Standardization Through Formal and Informal Standard Development Organizations


Formal de jure Standard Development Organizations (SDOs) coordinate the development of compatibility standards that ensure technological progress and welfare through interoperability. Informal SDOs, which are self-organized and not mandated by law, co-exist with formal SDOs to develop compatibility standards in a substituting or complementing way. As a result, the process of standardization evolves within and across multiple SDOs. An examination of the process of managing standardization across collaborating formal and informal SDOs can fundamentally change our theoretical understanding of governance of standardization.

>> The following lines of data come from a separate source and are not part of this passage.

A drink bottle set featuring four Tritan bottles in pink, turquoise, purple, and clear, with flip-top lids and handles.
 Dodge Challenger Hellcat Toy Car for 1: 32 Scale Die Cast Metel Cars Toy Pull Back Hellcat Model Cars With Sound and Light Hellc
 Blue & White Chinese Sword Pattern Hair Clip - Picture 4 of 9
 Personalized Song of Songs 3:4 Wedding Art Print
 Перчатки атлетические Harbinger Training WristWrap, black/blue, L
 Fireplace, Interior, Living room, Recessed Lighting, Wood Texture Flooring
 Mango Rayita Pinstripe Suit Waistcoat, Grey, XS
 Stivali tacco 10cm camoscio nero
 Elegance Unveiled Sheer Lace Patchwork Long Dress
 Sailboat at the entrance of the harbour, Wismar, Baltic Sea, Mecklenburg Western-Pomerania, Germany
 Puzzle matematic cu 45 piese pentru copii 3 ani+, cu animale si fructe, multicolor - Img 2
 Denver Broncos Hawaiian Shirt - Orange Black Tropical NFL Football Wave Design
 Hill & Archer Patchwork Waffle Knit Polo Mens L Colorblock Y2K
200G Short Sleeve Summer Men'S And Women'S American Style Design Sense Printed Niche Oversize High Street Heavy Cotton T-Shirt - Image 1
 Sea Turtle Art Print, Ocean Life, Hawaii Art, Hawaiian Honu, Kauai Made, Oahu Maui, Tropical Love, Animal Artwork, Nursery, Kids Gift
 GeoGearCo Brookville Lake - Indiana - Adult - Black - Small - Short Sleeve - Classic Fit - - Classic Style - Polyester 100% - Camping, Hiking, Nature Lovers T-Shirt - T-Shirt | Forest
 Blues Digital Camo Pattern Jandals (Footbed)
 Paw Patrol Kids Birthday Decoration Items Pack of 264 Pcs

Drawing upon the tensions-based view, we argue that fundamental characteristics of the co-existence of complementary standardization are dynamic and contradictory. To balance such tensions, generative responses within and across formal and informal SDOs are required. This two-staged case study research examines the emergence of five tensions throughout the collaboration of two SDOs, HL7 and ISO, in health informatics. Our results explain the contradictory nature of five tensions with respect to (1) technological functions, (2) legal purview and geographic scope, (3) trigger, (4) time, and (5) usage/IPR and how they evolve over time. We also empirically derive three governance responses to such tensions, namely dynamic and multi-level roles, dynamic processes, and evolving resources; these responses allow members of the SDOs to respond to these tensions in a way that succeeds in managing the process of standardization. This research provides a novel theoretical understanding of governance of standardization for innovation. We conclude with recommendations for policy makers and standards developers.